Saturday, October 31, 2009

Happy Halloween, Dr. Snider

This morning I told Juli that it's Halloween and yet I wasn't in the mood to post a creepy photo. Naturally she was concerned. Later I decided that sometimes life is duty, not just following one's inclinations--so for you, reader, I have chosen to post a Halloween-worthy photo.

Note to Steven Taylor: No, you are NOT permitted to ask how one can tell the difference between my Halloween and non-Halloween photos.

I've posted two photos because I strongly sense that one of them--I'll let you guess which one--may be removed at the, ahem, "request" of my wife. Now to her credit, there are only 3-4 photos that I've posted that she really desired that I didn't post. But this photo may make the list. Now my own sense of these photos is that the first one is cute and silly, and the second one is just campy. Weird but not truly disturbing. Right? Right?? More campy than scary, right reader? (Back me up here, please.)

I did ask my zombie child whether I had permission to post this photo. She being she, she likes it and gave me the green light.

I dedicate this photo to my colleague, Dr. Christy Snider, who will survive the zombie attack. In contrast to Dr. Snider, I will survive for nine minutes tops and perhaps not that long if whimpering is an even less effective zombie deterrent than I'm banking on.

Thursday, October 29, 2009

Wednesday, October 28, 2009

Tuesday, October 27, 2009

Return of the magic table



To my newer readers:

My sis-in-law owns two picnic benches that they've painted this color. They inspire me, these picnic tables. It's virtually impossible not to take a fabulous shot of anything on them. It's not me. It's the tables.

I love love love these tables.

Magic.

Monday, October 26, 2009

Flying like a bat out of Cleveland!

Cleveland is a bizarre city, just a most unusual city.

For one thing, boy is it gray. Just lousy with grayness.

For another, it's a city of cultural oases situated in a broader desert of industrial wasteland. Holy crap, it's an ugly city. Except where it isn't, and those parts are lovely--parks and shores and bridges and a nice downtown and whatnot.

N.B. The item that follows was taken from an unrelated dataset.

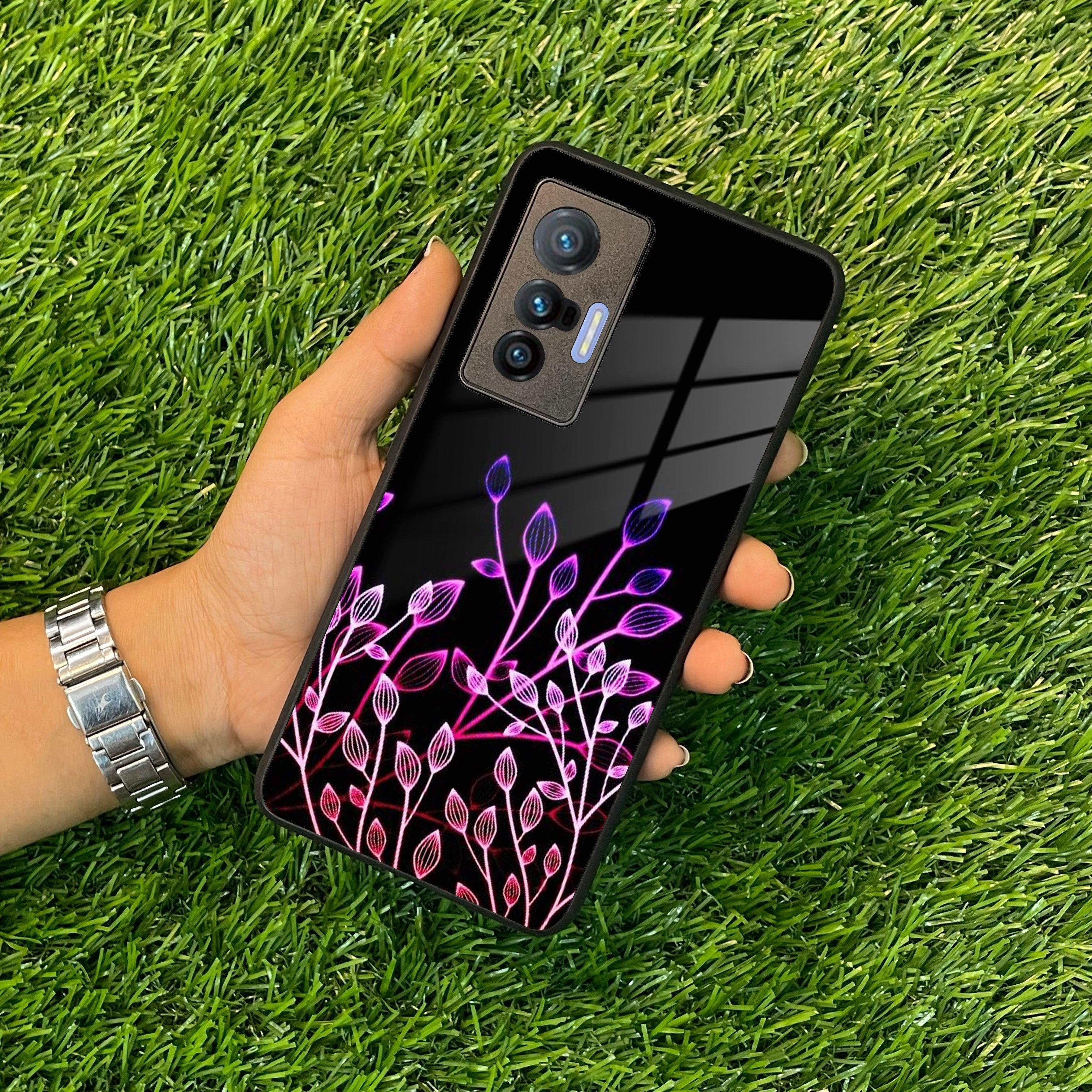 Multicolor Flower Print Glass Case Cover For Vivo - ShopOnCliQ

Or consider it this way. Think of a lovely part of the body, say the eyeball. Now think of a nasty part, whatever that may be; I'll let you decide for yourself. Now think of lots of little eyeballs surrounded by that nasty part.

Guh, that's the single worst and, if one is to judge by the image now indelibly imprinted on my mind, the single-most disgusting analogy ever. Reader, forget I brought it up.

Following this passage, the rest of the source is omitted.